### Dataset entries
Start of Block

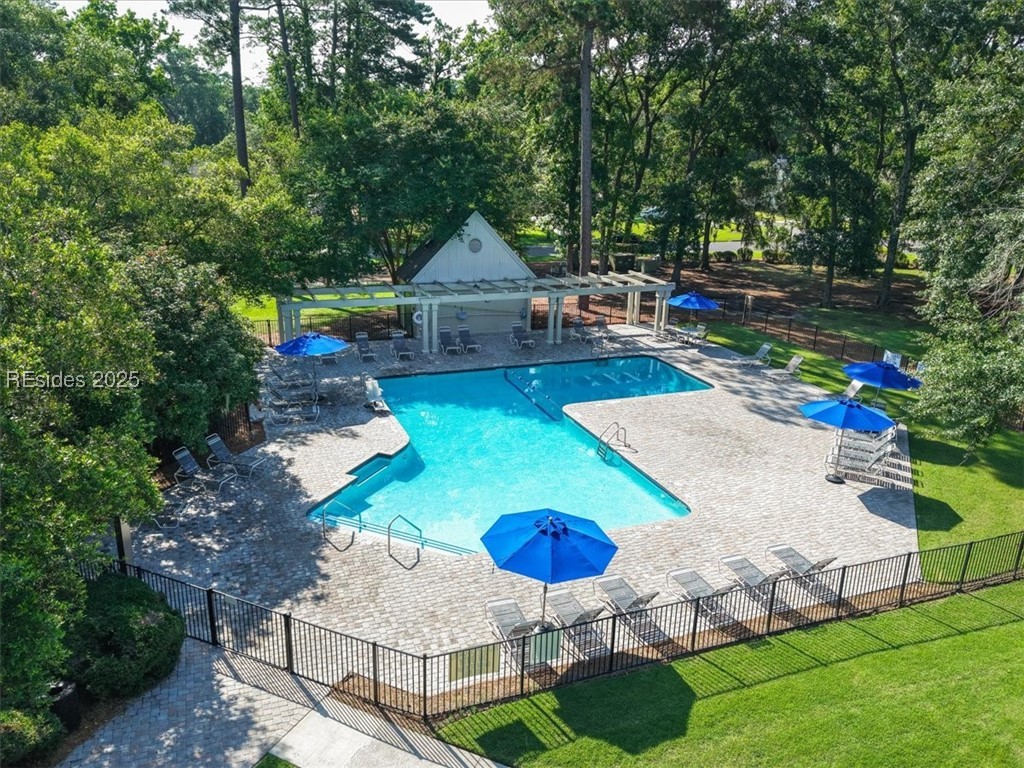 69 White Oaks Circle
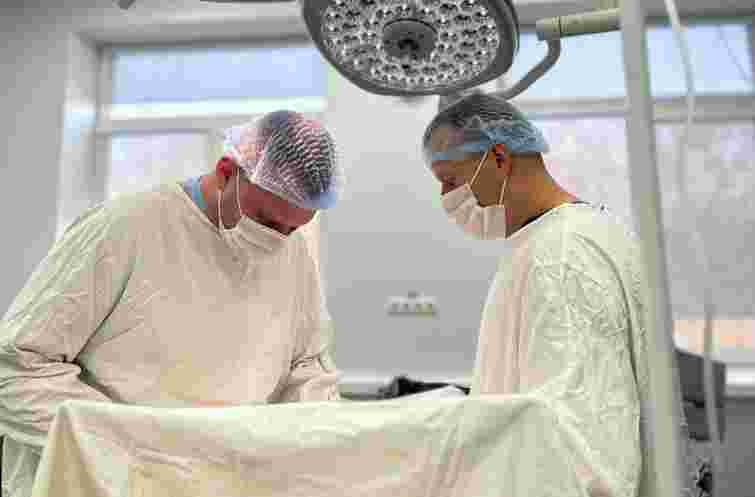 Волинські хірурги врятували пацієнта з небезпечною формою пахової грижі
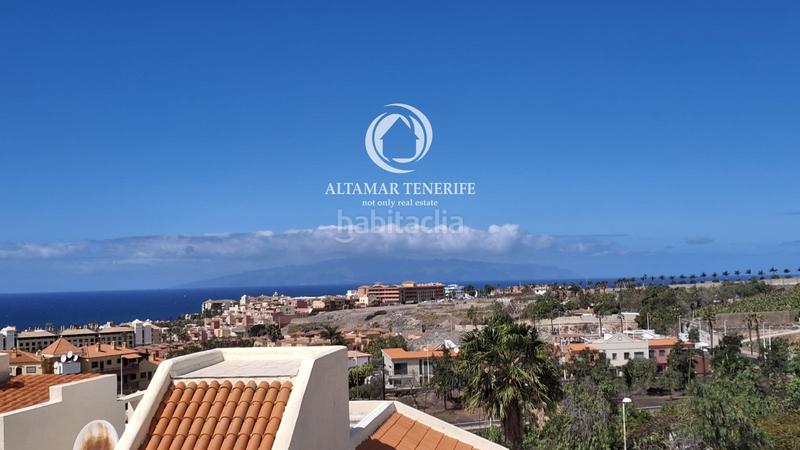 Foto 2f6f812c-8f47-4615-97a7-7e4d70eed434. Casa adossada amb aparcament piscina a Playa Fañabé Alto Adeje
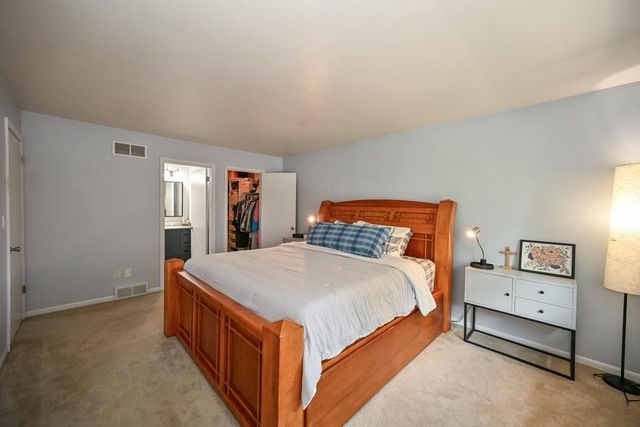 7613 S 83rd STREET, Franklin, WI 53132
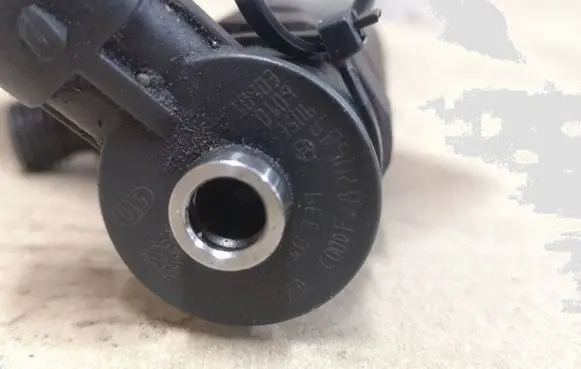 Ford Fiesta Fuel injector 0445110339 870689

End of Block

Each entry should be set down exactly, pictures excluded.

### Task output
 69 White Oaks Circle
 Волинські хірурги врятували пацієнта з небезпечною формою пахової грижі
 Foto 2f6f812c-8f47-4615-97a7-7e4d70eed434. Casa adossada amb aparcament piscina a Playa Fañabé Alto Adeje
 7613 S 83rd STREET, Franklin, WI 53132
 Ford Fiesta Fuel injector 0445110339 870689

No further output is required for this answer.